Public communication needs during incidents involving emergency decontamination

Holly Carter BSc a b Corresponding AuthorEmail Address, John Drury PhD b, G James Rubin PhD c, Prof Richard Williams PhD d e, Richard Amlôt PhD a



The threat of chemical, biological, radiological, nuclear, and explosive incidents has increased because of technological advancements and the willingness of terrorists to use unconventional weapons. Emergency responders can use interventions such as decontamination and quarantine during such incidents. However, when emergency responders do not communicate effectively, public anxiety could increase and compliance with decontamination could be poor, reducing the efficacy of decontamination and creating a secondary contamination hazard for receiving hospitals. There is a need to examine whether current procedures sufficiently acknowledge public communication needs.


First, a systematic review of published decontamination guidance for responders was undertaken. Second, semistructured telephone interviews were carried out with a convenience sample of 13 responders from the UK Fire and Rescue Service who had similar training but different amounts of decontamination experience. A thematic framework was developed to analyse the findings for previously identified issues, such as perceptions of public compliance with the need for decontamination, excessive public anxiety, and orderly behaviour. Relevant passages were coded into one or more of the themes. Care was taken to document the full variety of responses given; contradiction in interview accounts was actively sought. The potential for interviewer bias was reduced with a semistructured interview schedule and telephone interviews, thereby eliminating the effect of non-verbal cues. Finally, data from five emergency preparedness exercises involving decontamination were analysed. All participants who underwent decontamination during these exercises (n=402) completed questionnaires. Numbers of men and women were roughly equal; ages ranged from 18 years to 85 years. Quantitative data were analysed with correlational and path analysis, and qualitative data with the framework approach. A second researcher coded a subsection of the data, producing an inter-rate reliability rate of 89%.

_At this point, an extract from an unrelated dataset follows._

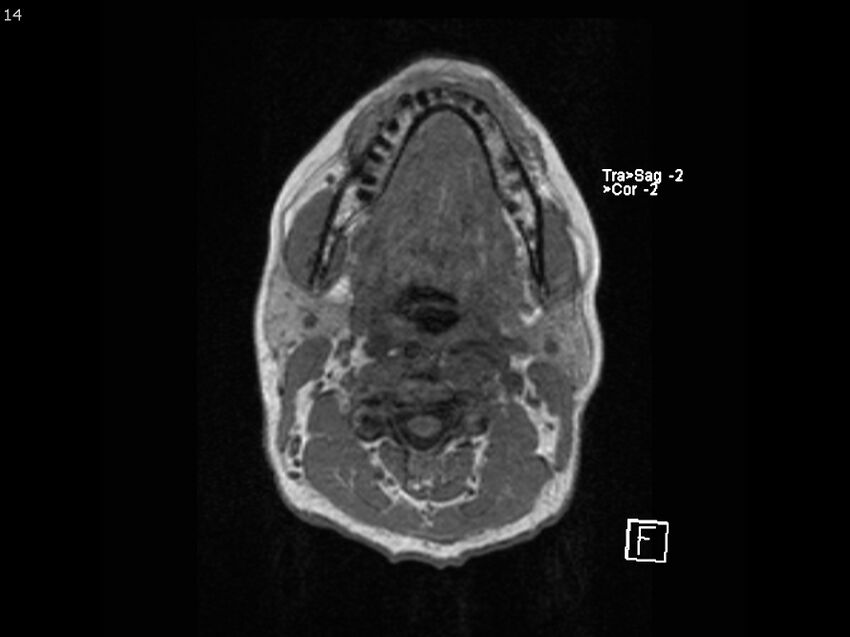 Atypical meningioma - intraosseous (Radiopaedia 64915-74572 Axial T1 14).jpg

The systematic review showed poor planning for communication with members of the public. The interview study established that responders who had previous experience of decontamination perceived communication with the public to be important. Responders who did not have experience of decontamination did not recognise the role of communication, and instead emphasised the importance of controlling members of the public who were said to be vulnerable to mass panic. Analysis of qualitative data from emergency preparedness exercises showed that most participants felt that they had not been given adequate communication from responders. A path model based on the results from the quantitative data had good overall fit (χ2 test; p=0·607). Poor perceived communication contributed to decreased levels of reassurance (r=0·28, p=0·006) and willingness to comply with decontamination (r=0·31, p=0·007).


Effective communication is a key intervention through which emergency responders can contribute to the successful management of decontamination. The small number of responders in the interview study could reduce the ability to generalise results. However, 12 interviews is usually enough for data saturation and hence an understanding of common perceptions and experiences in homogeneous sample groups. Additionally, exercises attempt to replicate a real situation, but some variables (especially anxiety) can differ significantly in real incidents. However, the relation between variables should not be different; successful communication would probably be even more important during a real incident than in exercises.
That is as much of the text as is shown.